When these sold well and were sported by such groups as The Move, the pair launched the small outlet Heavy Metal Kids within the newly opened multi-stall Kensington Market in 1967. Silver-painted and accessed via an oval doorway into which a giant silver plug was fitted at the end of the day's trading, HMK retailed casual leather jackets and velvet jeans by the French NewMan brand.

==Cockell and Johnson==
In 1968, they moved to a larger site within Kensington Market and renamed the business Cockell & Johnson Est. 1968 (taking off traditional high-end menswear businesses such as Jermyn Street's Turnbull & Asser).

Over the next five years the Cockell & Johnson dandy peacock look – three-piece tailored suits, long herringbone coats, penny-round collared repeat-print shirts and print jackets – was taken up by the pop stars of the day, including Stewart (who wore red velvet C&J jeans and a cream and dark brown leather jacket designed by Johnson and Colin Bennett on the inner gatefold of Gasoline Alley) and his colleague in the Jeff Beck Group and The Faces' Ronnie Wood.
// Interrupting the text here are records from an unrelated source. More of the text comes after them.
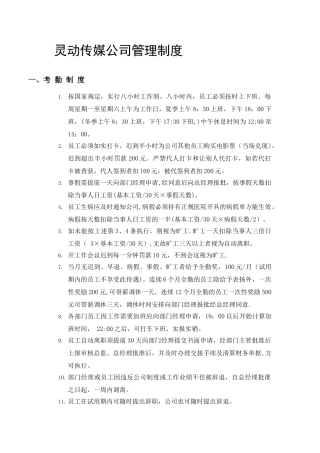 传媒公司管理制度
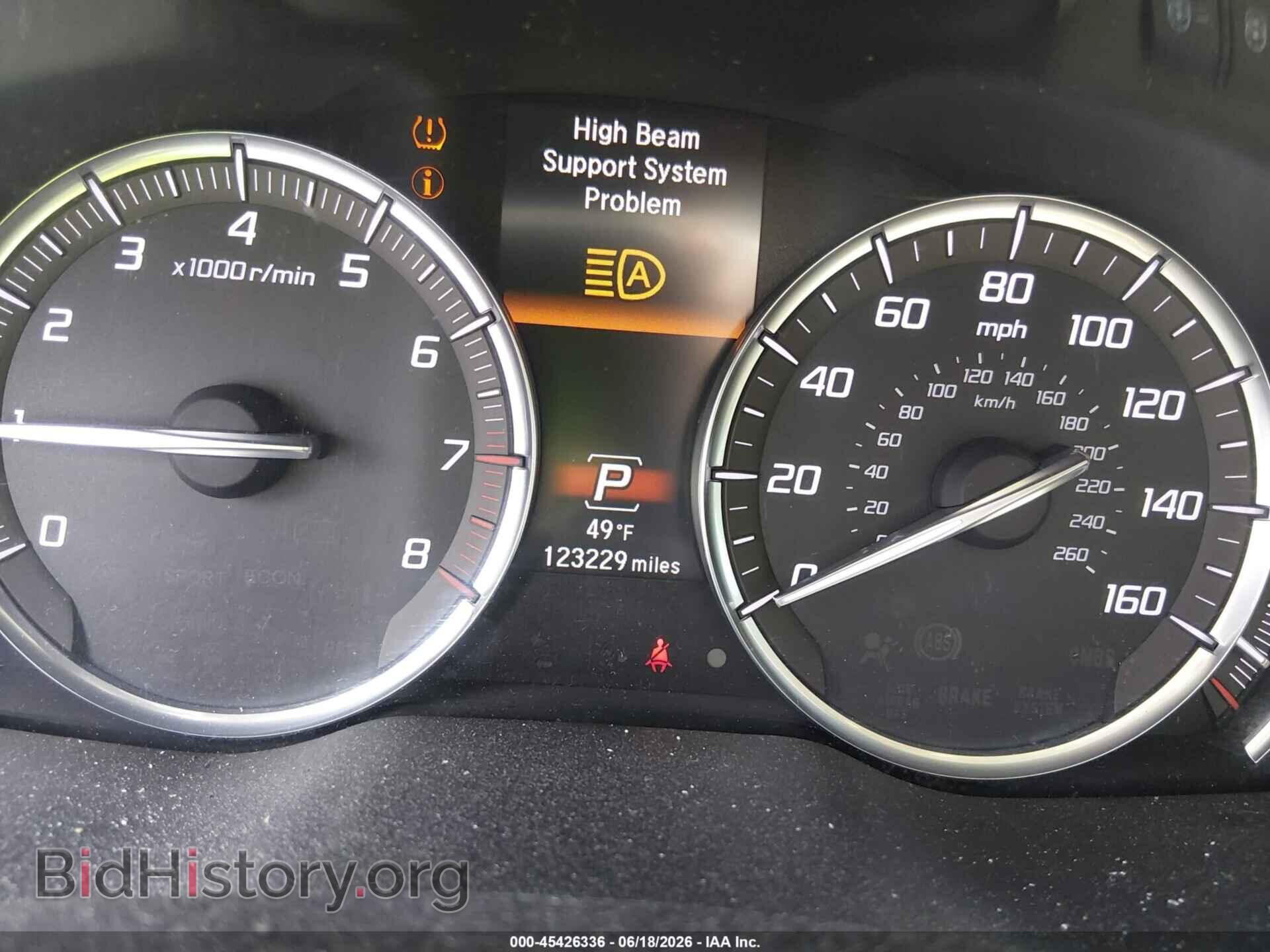 2017 ACURA MDX - VIN: 5FRYD3H50HB007258 - Фото 7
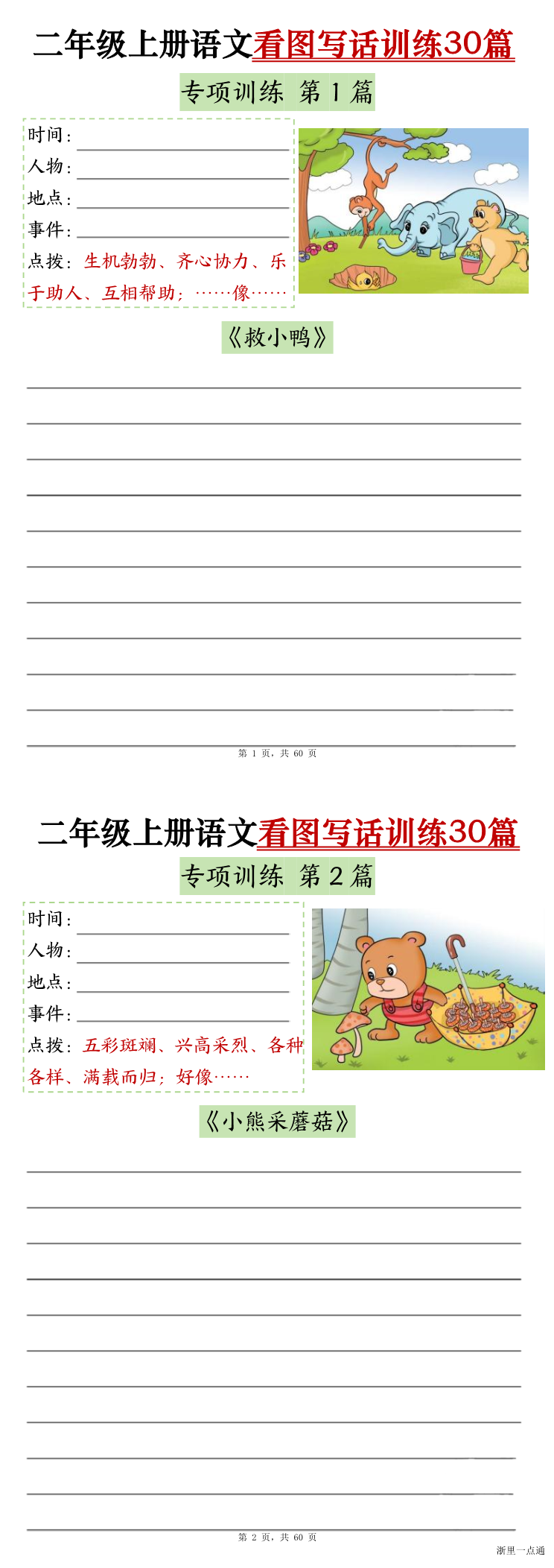 缩略图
Other customers included members of Argent, The Nice, Unit 4+2 and Queen (whose Roger Taylor and Freddie Mercury were fellow Kensington Market stall-holders).

==Johnson and Johnson==
In 1973, Johnson parted ways with Cockell and formed a new business from the same premises with his first wife Marian Tidder.

Johnson & Johnson's Pop Art print approach to jackets and shirts earned the label a place in the V&A's 1974 travelling exhibition The Fabric of Pop. A jacket featuring a print of Fred Astaire's face from the 1935 film Top Hat attracted the attention of the movie-star's daughter Ava, who obtained one for her father. Astaire subsequently sent Johnson a photograph of himself wearing it.

Johnson withdrew from own-label clothes as a result of the impact of the mid-1970s recession on British manufacturing, and with new partner Peter Boutwood repurposed the shop with dead-stock clothing from the 1940s to the 1960s.

These clothes found popularity with style-conscious younger customers, some of whom would become involved in the punk and New Romantic movements, including British broadcaster Robert Elms, writer Paul Gorman, guitarist Marco Pirroni and Vic Goddard of Subway Sect, who told the Punk77 website: "Just before punk started we were frequenting Lloyd Johnson's stall in Kensington Market, where we could buy original demob suits for £5 a time. "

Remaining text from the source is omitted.